- _WORK ITEM_: What you give back should be exactly the lines from the one with "WQPMNYG Luxury Double" through the final line of the material, pictures removed; please add nothing.

- _DATA SECTION_:
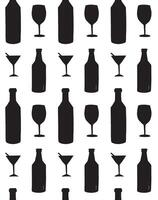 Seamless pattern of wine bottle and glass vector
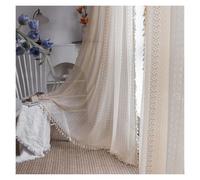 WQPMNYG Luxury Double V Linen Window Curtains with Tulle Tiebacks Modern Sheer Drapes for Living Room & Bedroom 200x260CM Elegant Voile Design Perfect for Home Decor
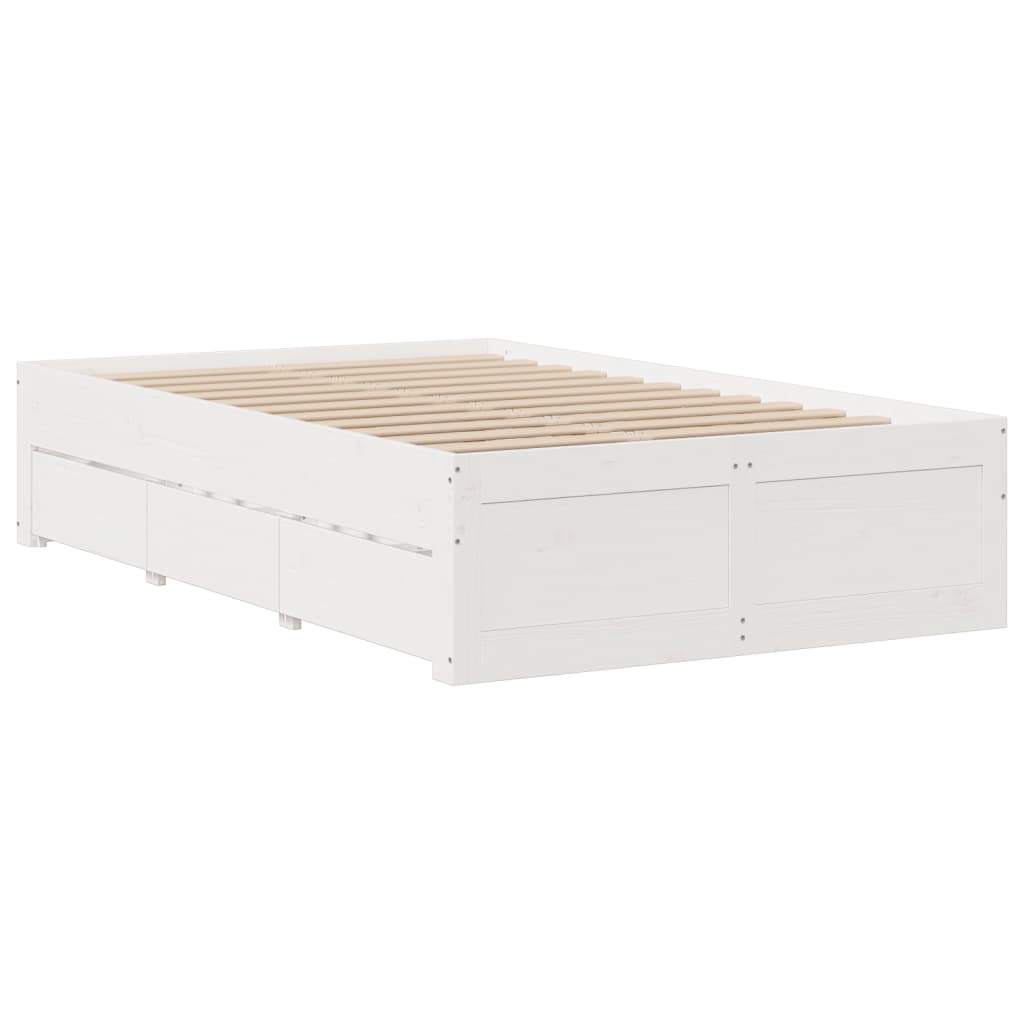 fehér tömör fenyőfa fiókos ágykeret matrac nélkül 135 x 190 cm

- _RESULT OF THE EXERCISE_:
 WQPMNYG Luxury Double V Linen Window Curtains with Tulle Tiebacks Modern Sheer Drapes for Living Room & Bedroom 200x260CM Elegant Voile Design Perfect for Home Decor
 fehér tömör fenyőfa fiókos ágykeret matrac nélkül 135 x 190 cm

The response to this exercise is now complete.